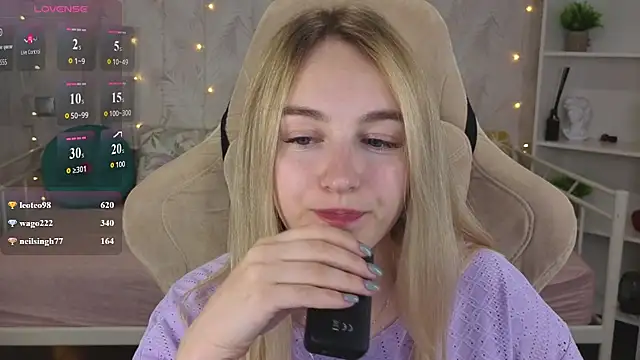 Shy_Polly webcam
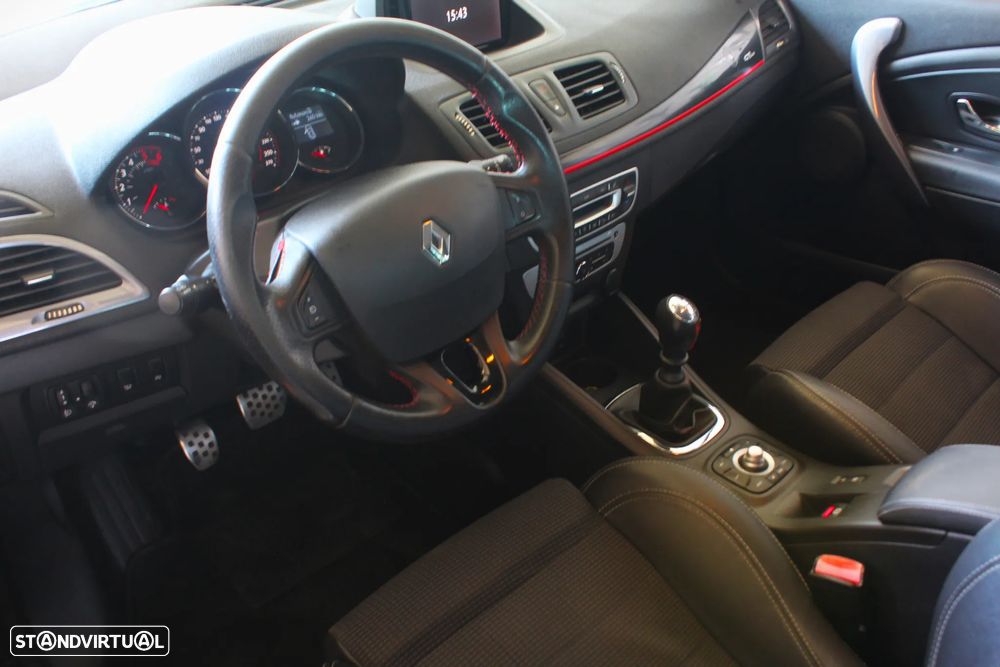 Renault Mégane Sport Tourer 1.5 dCi GT Line - 35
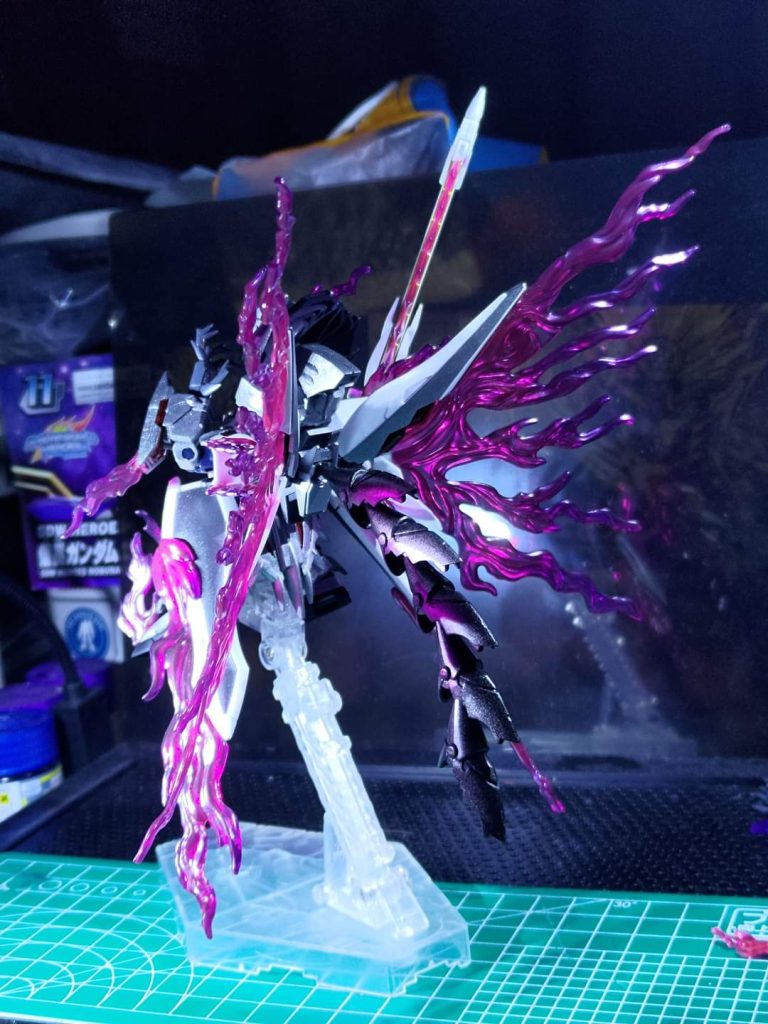 鬼魂高達–4枚目/制作者：@Ray19860716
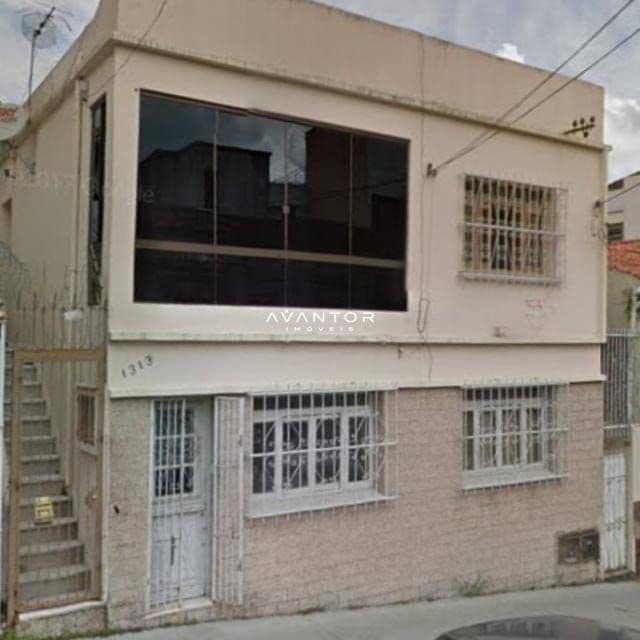 Fachada da casa com dois pavimentos — Terreno à venda em Centro, Santa Maria/RS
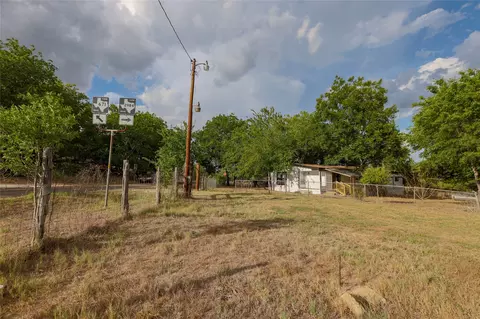 3041 Fm 671, Luling, TX 78648 photo 10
------
__ACTION ITEM__: Leave the pictures out and reproduce exactly the lines from the line with "Fachada da casa" to the end of the material above.

__RESULT OF THIS TASK__:
 Fachada da casa com dois pavimentos — Terreno à venda em Centro, Santa Maria/RS
 3041 Fm 671, Luling, TX 78648 photo 10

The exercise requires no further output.